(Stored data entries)

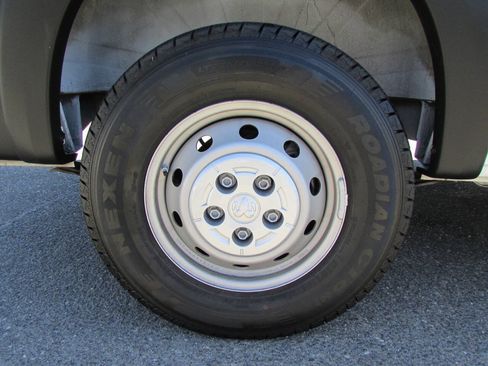 Used 2023 RAM ProMaster 2500 FWD image 12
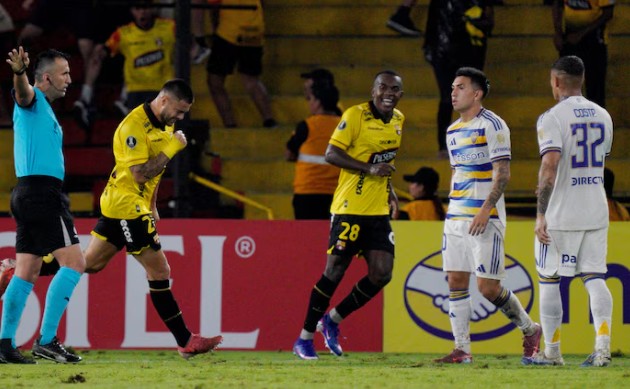 Boca Juniors perdió 1-0 con Barcelona en Ecuador y se complicó en la Copa Libertadores
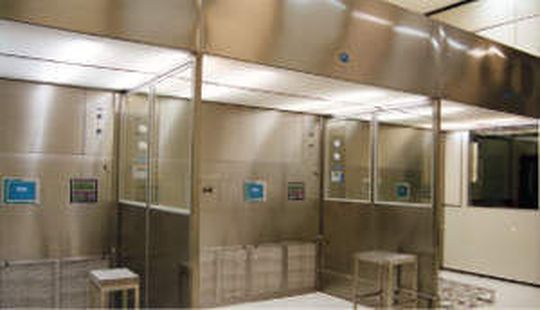 Reine Wiegekabinen von PTA sorgen für einen optimalen Personen- und Produktschutz. (Pharma-Technischer Apparatebau)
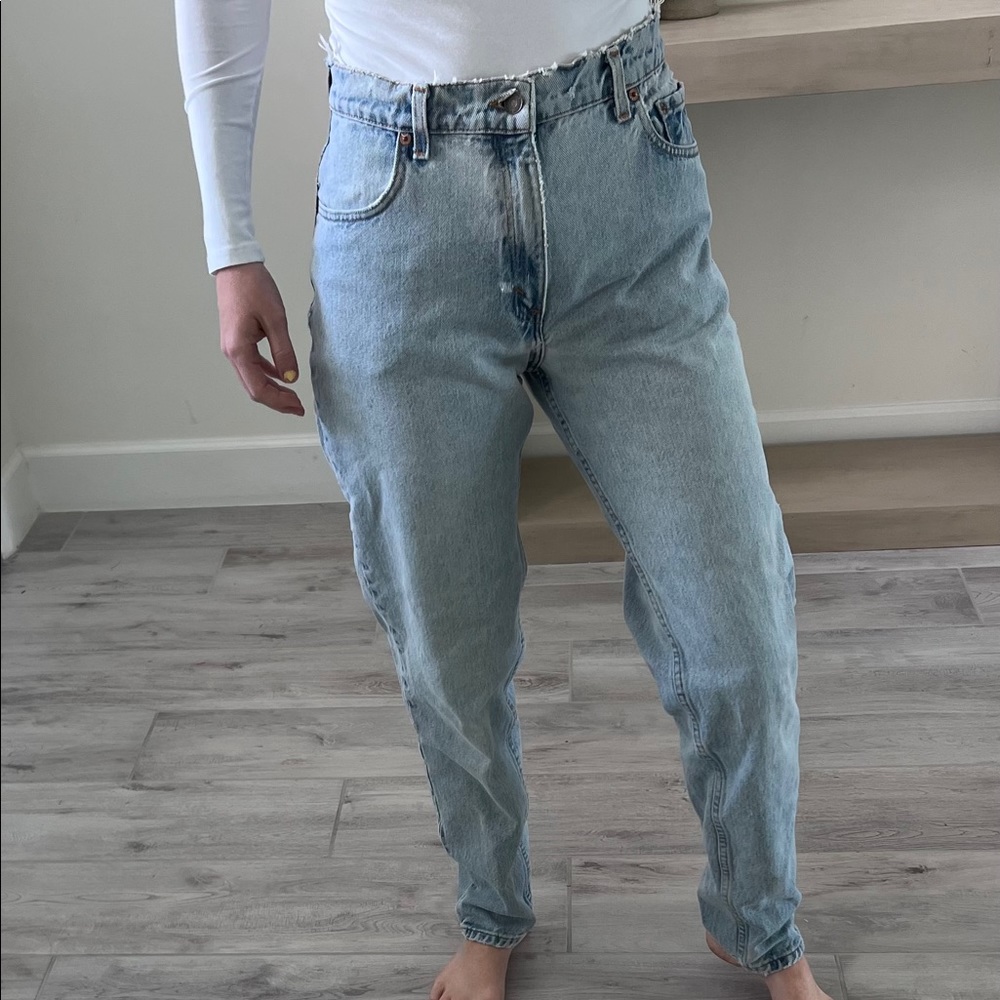 High wasted levi jeans
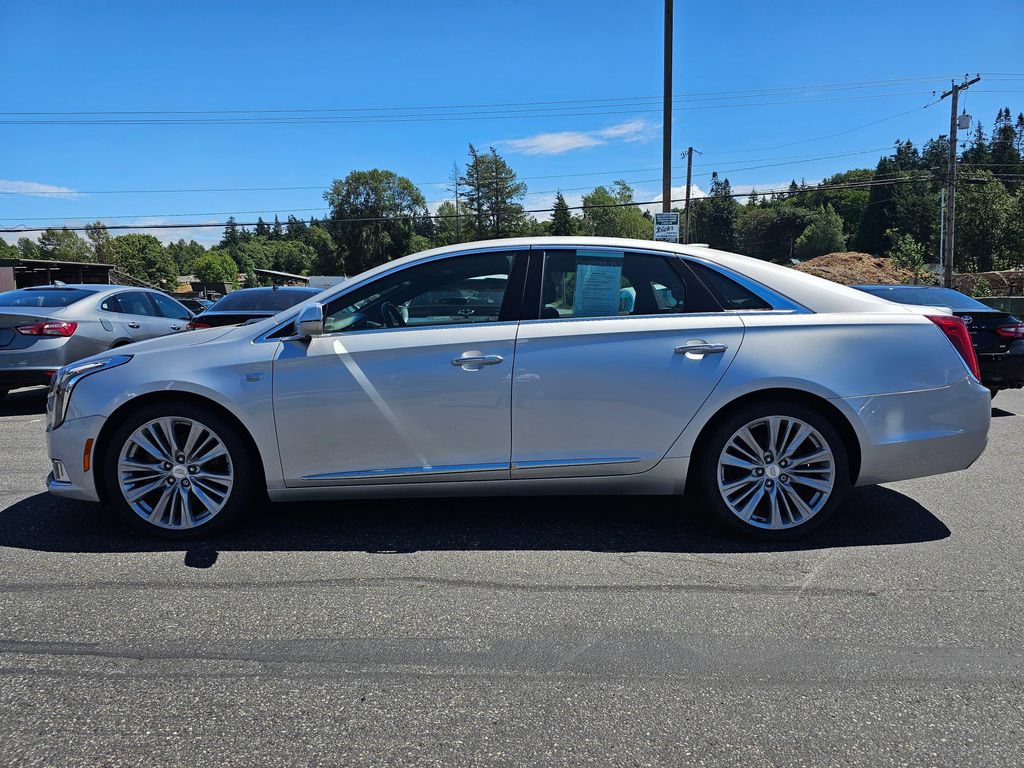 Used 2018 Cadillac XTS Platinum AWD/4WD image 6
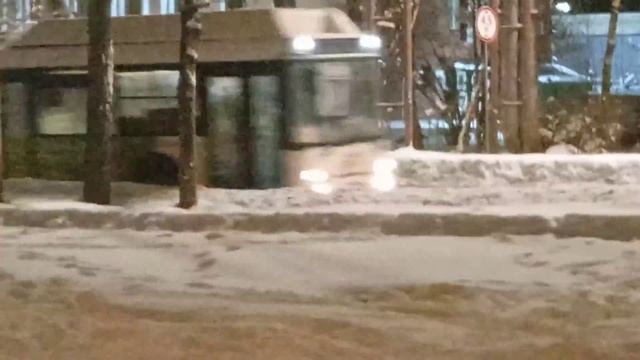 лиаз 5292 следует по маршруту 477 Москва киевская - власиха (почта) в окрасе збер маркет смотреть онлайн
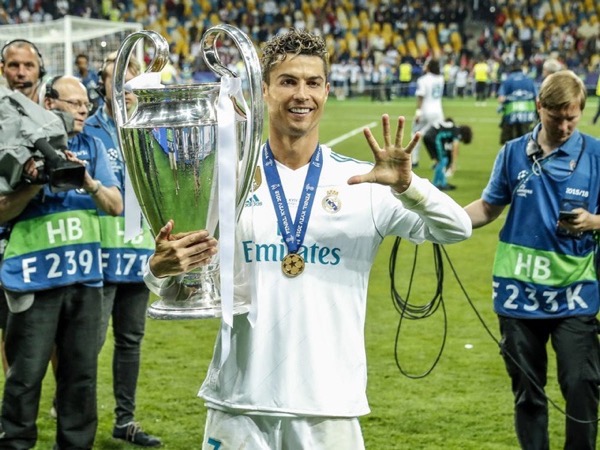 Messi có thể 'xóa sổ' Ronaldo khỏi các kỷ lục Champions League bằng cách nào?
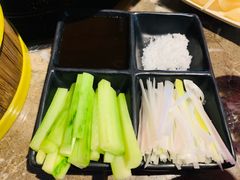 -三人行骨头王火锅(长寿店)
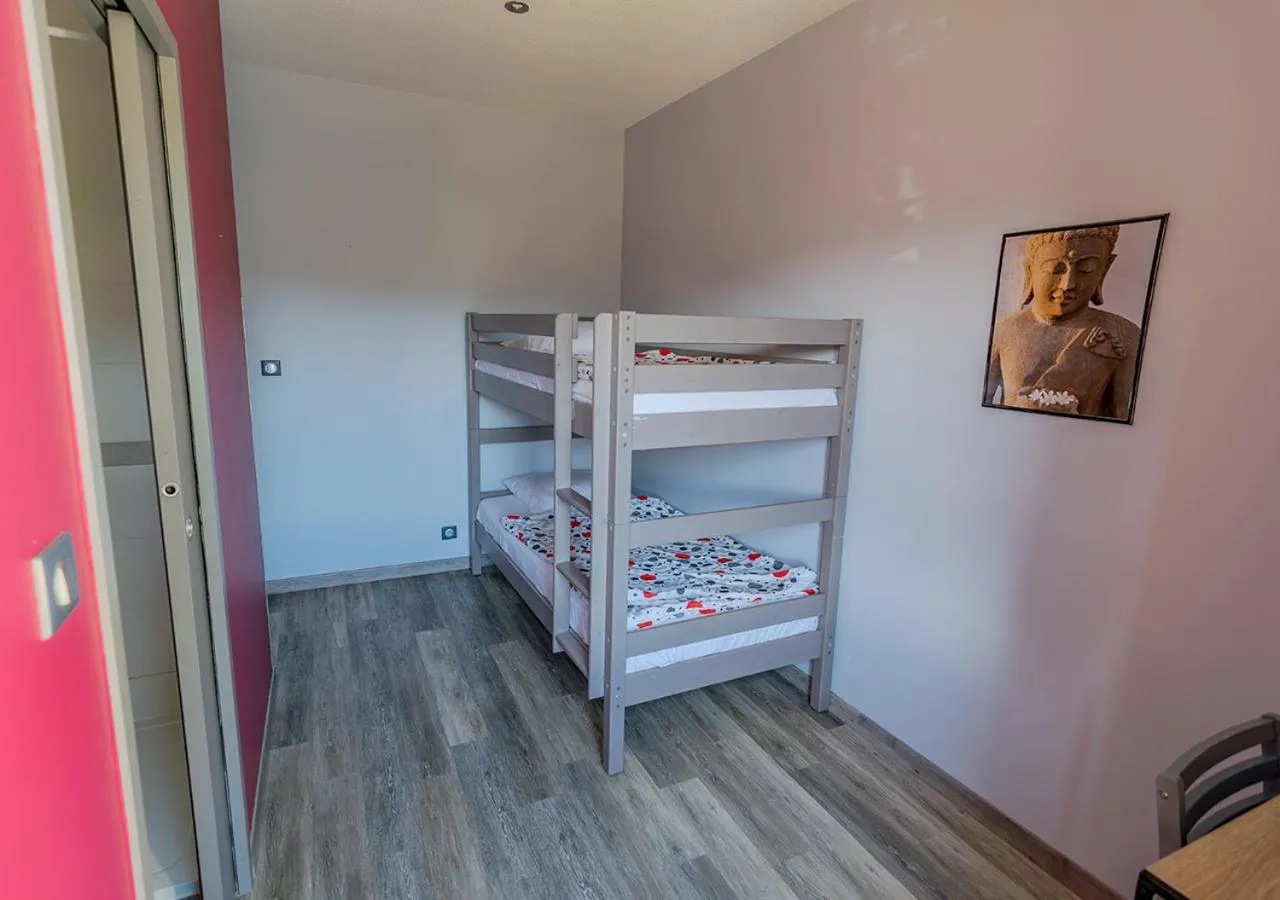Bedroom, Bed in Hotel de l'Abbaye à Cluny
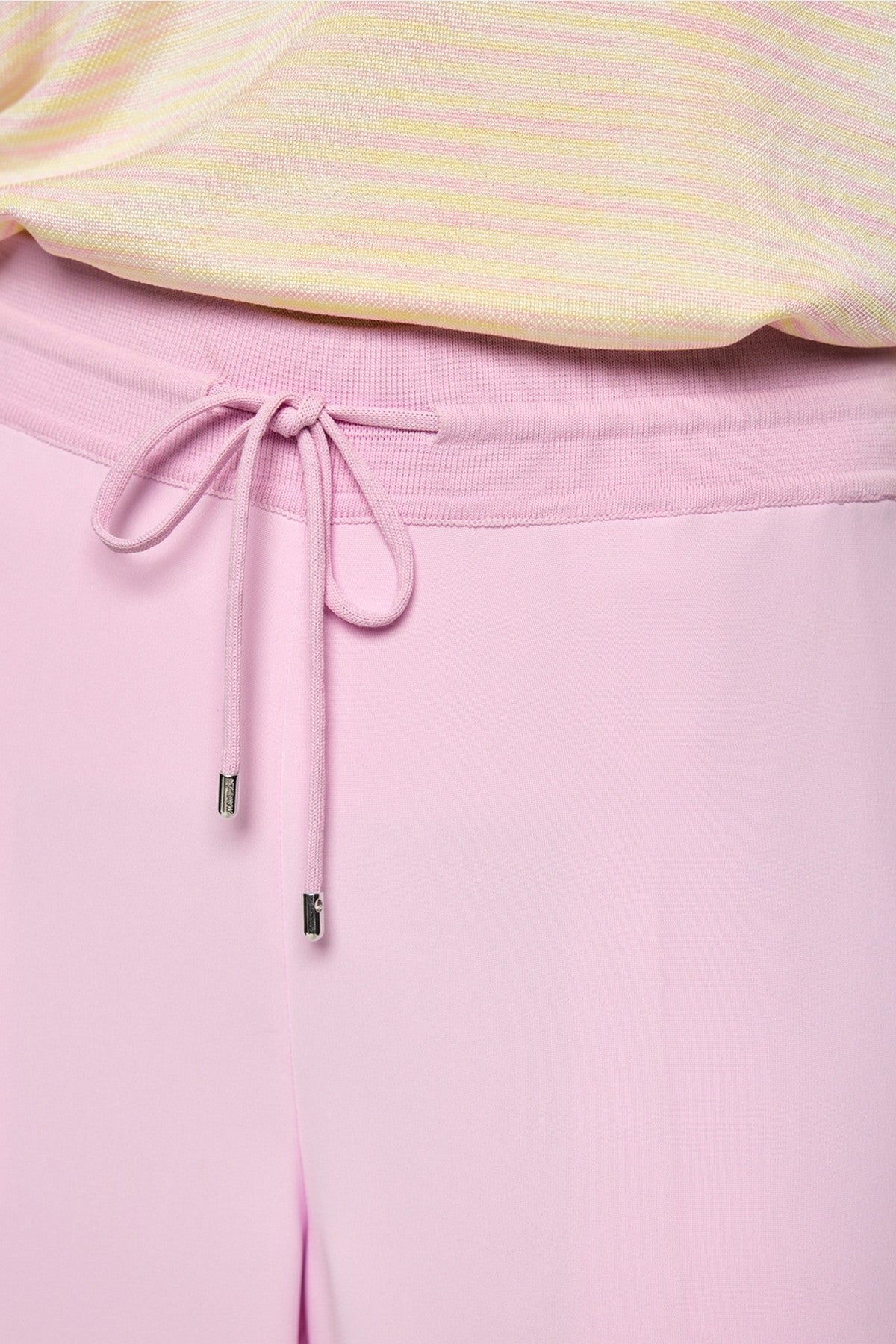 Close-up van de elastische tailleband met trekkoord van de Marc Cain broek AC 81.24 W56.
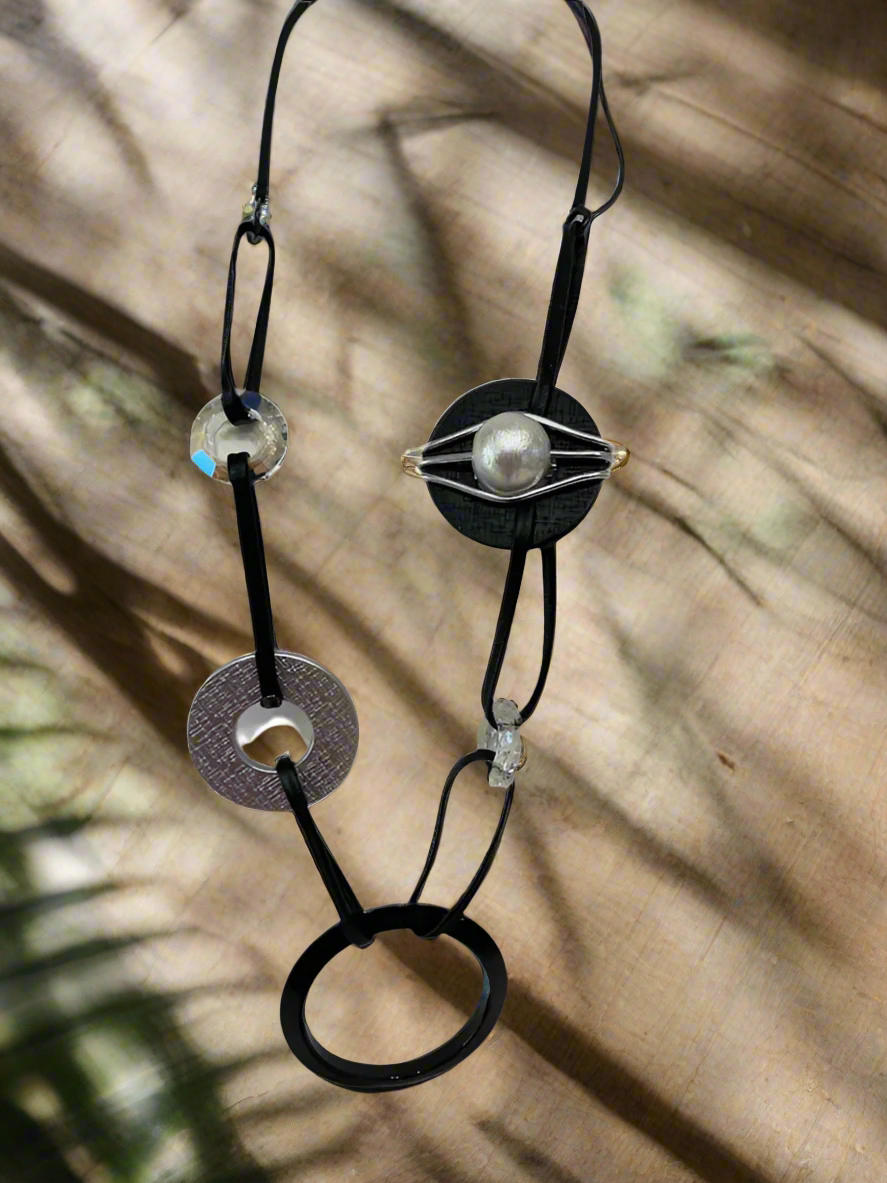 OC Geometric Circle Necklace-NKL309-W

Exercise instructions: Output the lines above verbatim, images excluded.

Task response:
 Used 2023 RAM ProMaster 2500 FWD image 12
 Boca Juniors perdió 1-0 con Barcelona en Ecuador y se complicó en la Copa Libertadores
 Reine Wiegekabinen von PTA sorgen für einen optimalen Personen- und Produktschutz. (Pharma-Technischer Apparatebau)
 High wasted levi jeans
 Used 2018 Cadillac XTS Platinum AWD/4WD image 6
 лиаз 5292 следует по маршруту 477 Москва киевская - власиха (почта) в окрасе збер маркет смотреть онлайн
 Messi có thể 'xóa sổ' Ronaldo khỏi các kỷ lục Champions League bằng cách nào?
 -三人行骨头王火锅(长寿店)
Bedroom, Bed in Hotel de l'Abbaye à Cluny
 Close-up van de elastische tailleband met trekkoord van de Marc Cain broek AC 81.24 W56.
 OC Geometric Circle Necklace-NKL309-W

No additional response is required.